=== HOW TO COMPLETE THIS TASK ===
Only the lines below between the one holding "2026�� ���L 2.0T EcoBoost E�춯���������콢��" and the one holding "đọc truyện Tên", inclusive, are to be reproduced word for word; the pictures are to be left out.

Captioned web image data:
◇ ◇ ◇

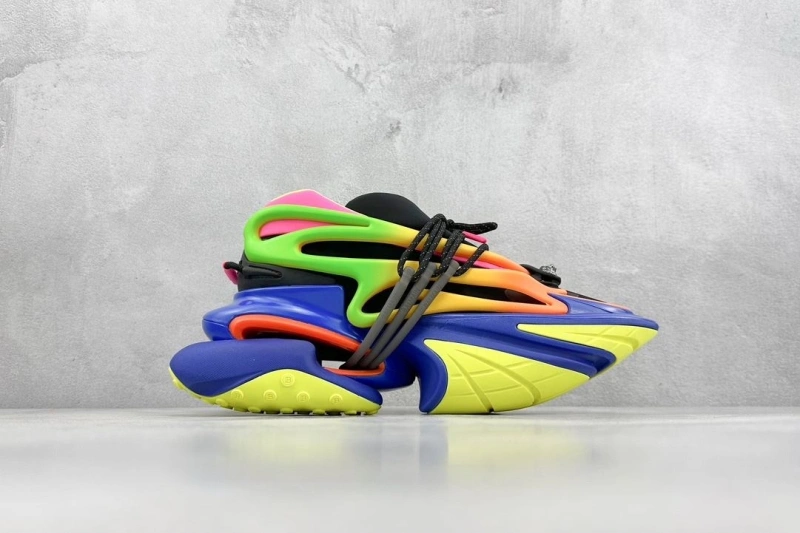 Othxr Sneakers Trendy 215837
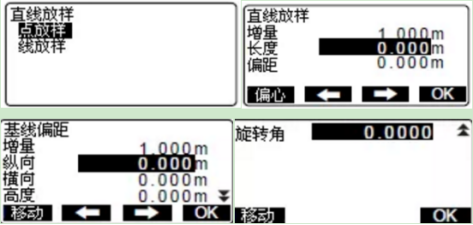 d188911787841d216fd225996f13a72.png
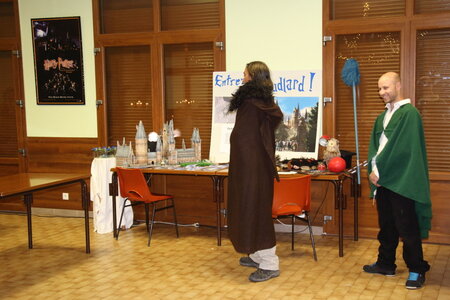 2017 - Soirée Harry Potter, IMG_4610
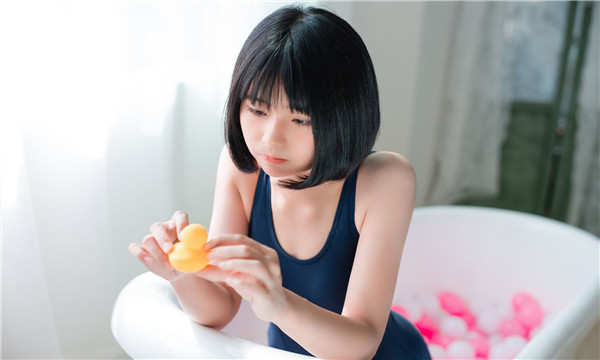 永清试管代生助孕方案满足不孕不育患者家庭的期待
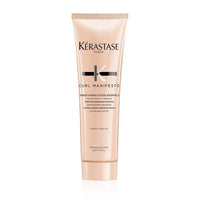 Kerastase Fondant Hydration Essentielle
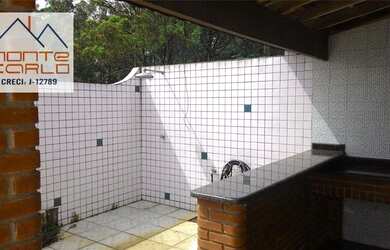 Imagem 9: Prédio, 559 m² - venda por R$ 900.000 ou aluguel por R$ 8.500/mês -...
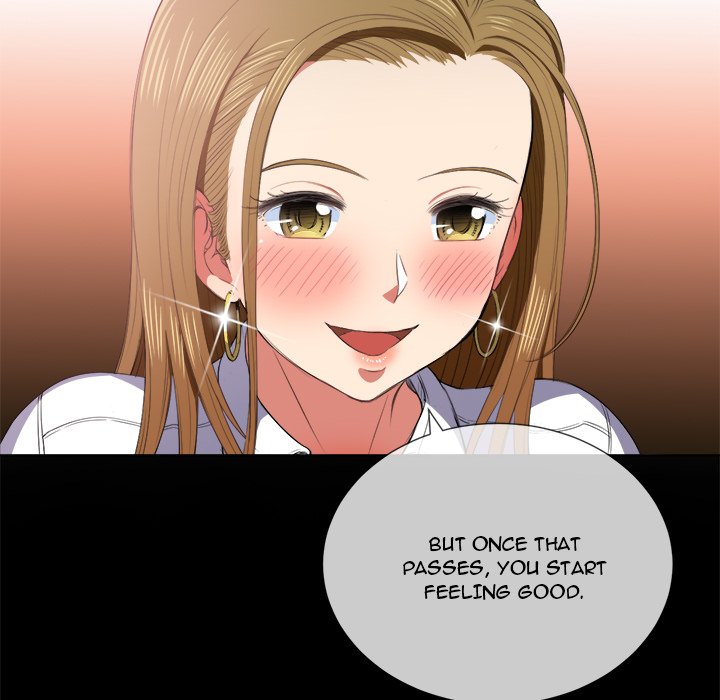 My High School Bully Chapter 36 image 11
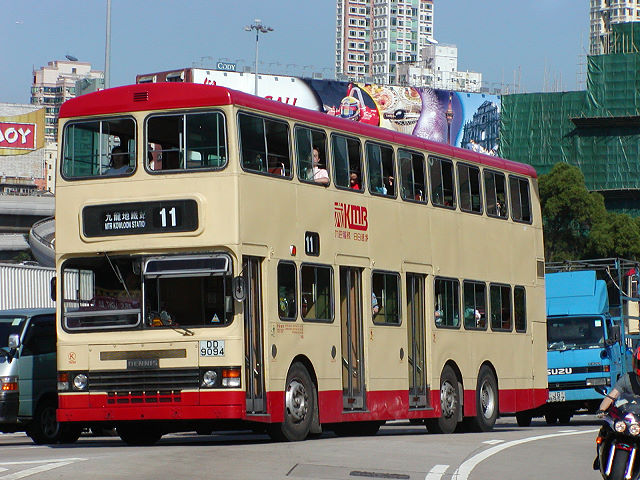 3N090_DD9094_11_2002-10-19.jpg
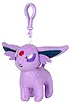 Pokemon Tomy Espeon 4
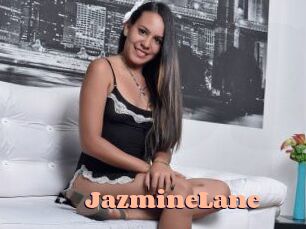 JazmineLane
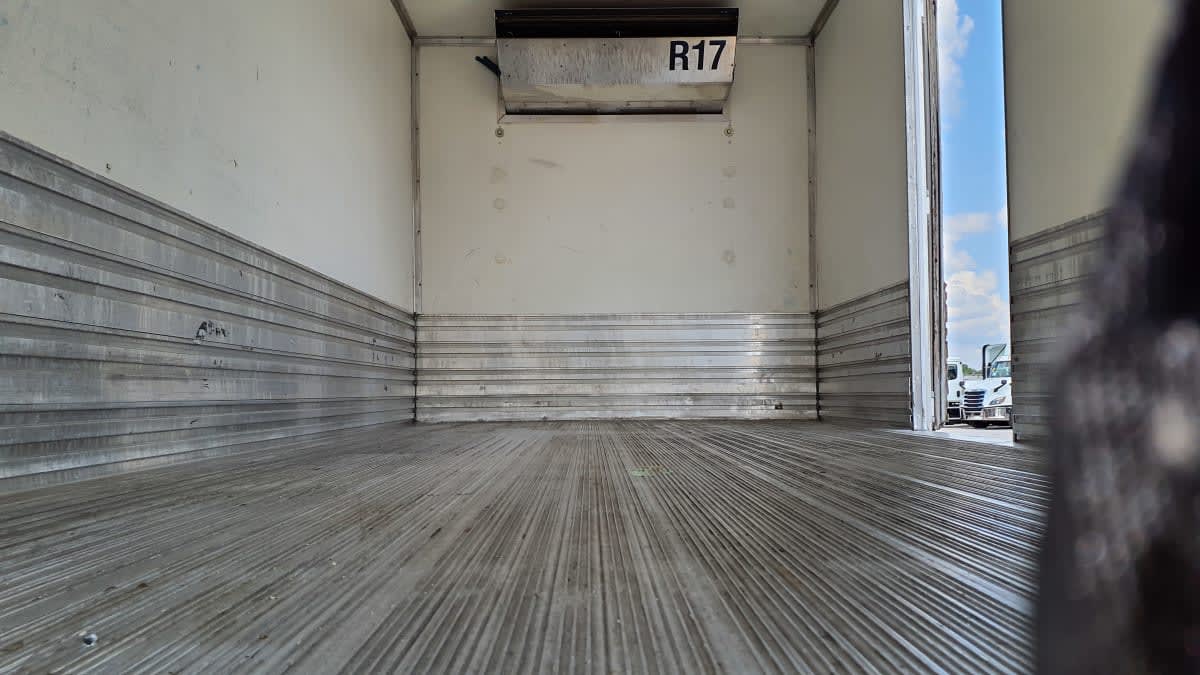 2020 Freightliner M2 106 in Birmingham, AL — photo 9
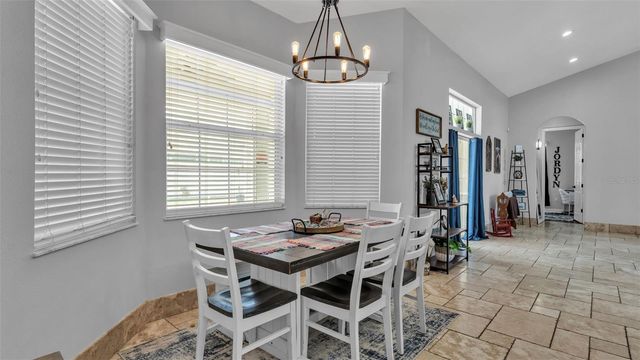 5155 LAKE DEESON WOODS COURT, Lakeland, FL 33805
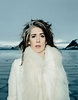 Gimme Your Answers: An Interview w/ Imogen Heap – Alicia Atout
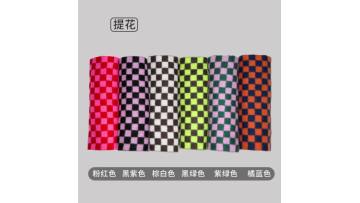 f6e68f4386fbcc16b54ba7ffb157548b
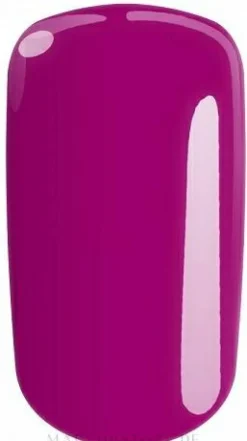 Hybrid- Gel Nagellack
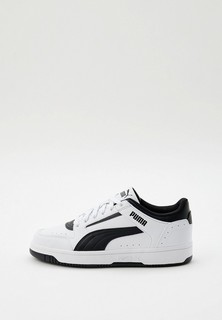 Кеды PUMA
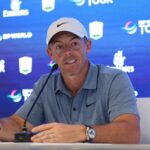 Preskúmané kurzy a najlepšie stávky DP World Tour Championship 2025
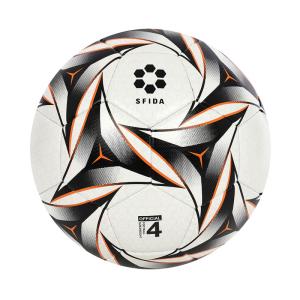 molten（モルテン） サッカーボール 4号球 天皇杯 公式試合球 レプリカ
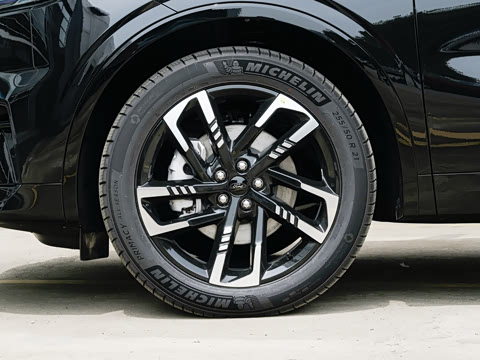 2026�� ���L 2.0T EcoBoost E�춯���������콢��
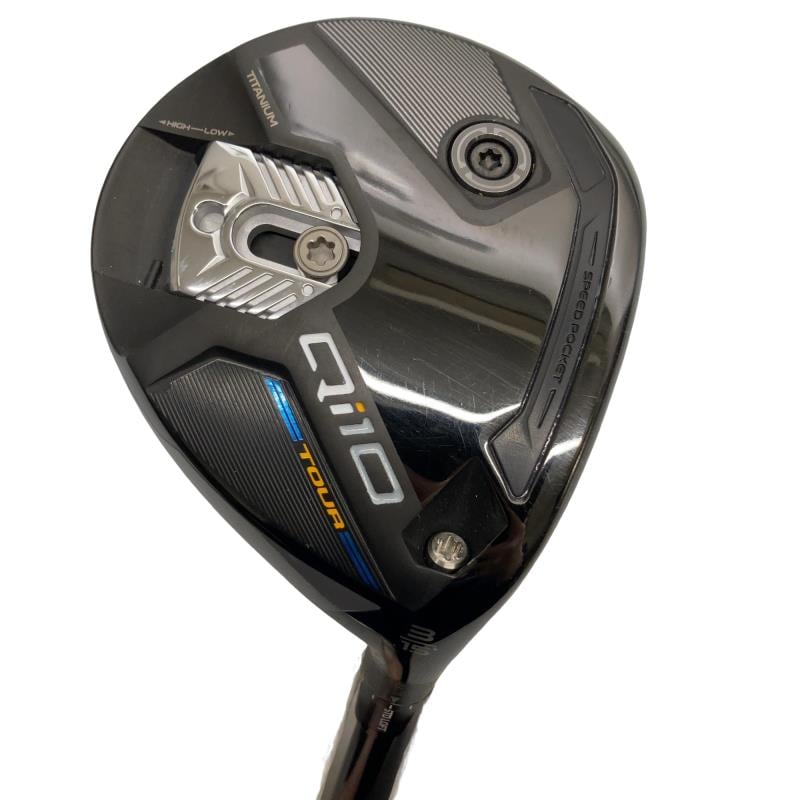 �p���P�O�@�s�n�t�q�@�R�v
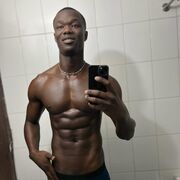 ���������� ������, ���� ������� �������, 28 ���, ������������ ��� ������, ����� � ���������, c�������� ���������, ���������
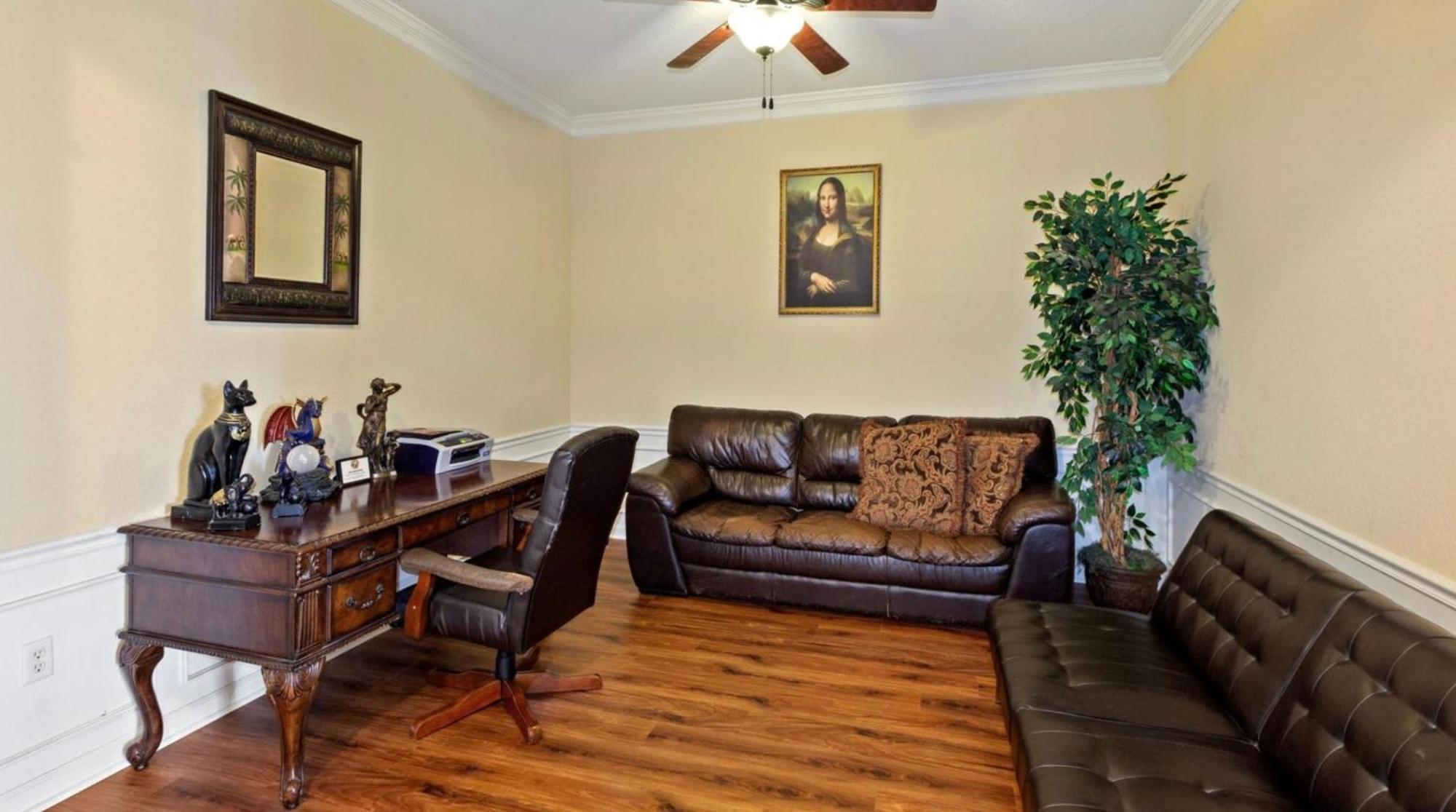 Executive 3 Bedroom Villa At Universal,Convention Center, Vista Cay Orlando Exterior photo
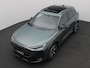 Audi Q3 1.5 200kW e-hybrid S edition 272PK Aut. Panoramadak, Trekhaak, Achteruitrijcamera, Elektr. Achterklep, Optiekpakket Zwart, 20" LM Velgen, Stoel-Stuurverwarming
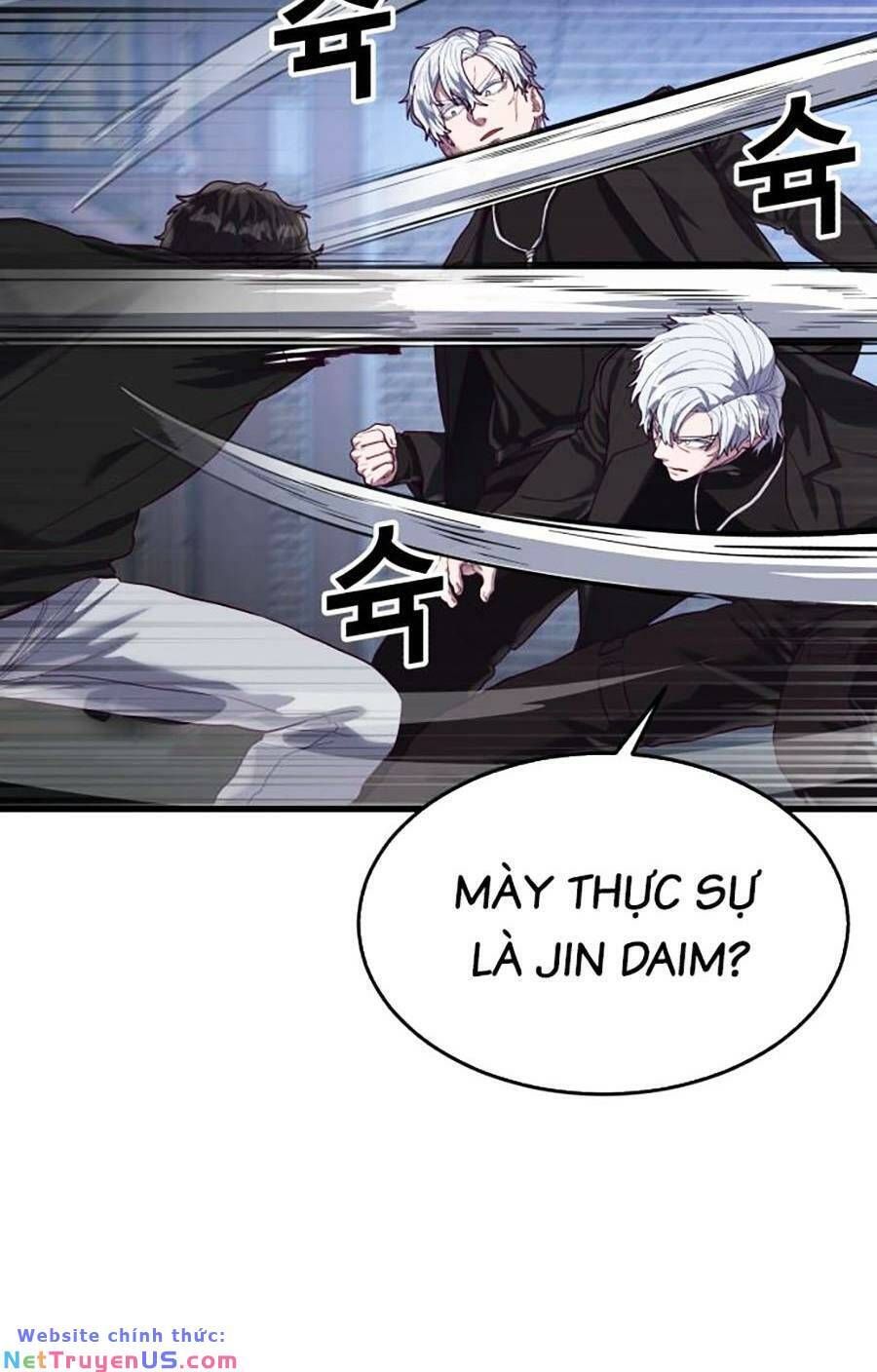 đọc truyện Tên Vâng Lời Tuyệt Đối Chương 47 ảnh 19 tại Thiên Thai Truyện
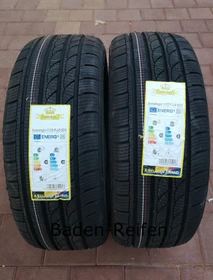 Imperial Snowdragon 3 225/45 R18 95V XL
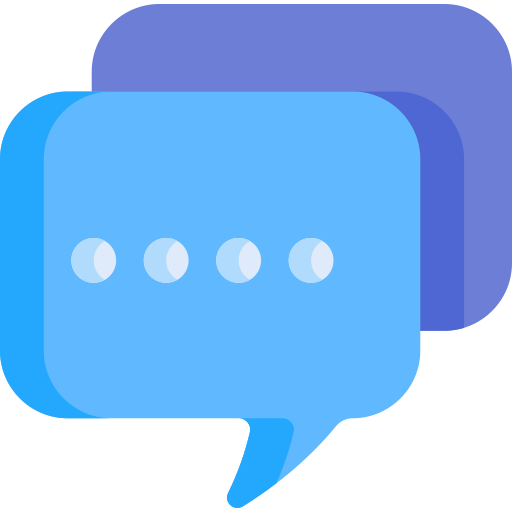 message | digishu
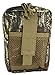 Red Rock Outdoor Gear Molle Medic Pouch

◇ ◇ ◇

=== TASK RESPONSE ===
 2026�� ���L 2.0T EcoBoost E�춯���������콢��
 �p���P�O�@�s�n�t�q�@�R�v
 ���������� ������, ���� ������� �������, 28 ���, ������������ ��� ������, ����� � ���������, c�������� ���������, ���������
 Executive 3 Bedroom Villa At Universal,Convention Center, Vista Cay Orlando Exterior photo
 Audi Q3 1.5 200kW e-hybrid S edition 272PK Aut. Panoramadak, Trekhaak, Achteruitrijcamera, Elektr. Achterklep, Optiekpakket Zwart, 20" LM Velgen, Stoel-Stuurverwarming
 đọc truyện Tên Vâng Lời Tuyệt Đối Chương 47 ảnh 19 tại Thiên Thai Truyện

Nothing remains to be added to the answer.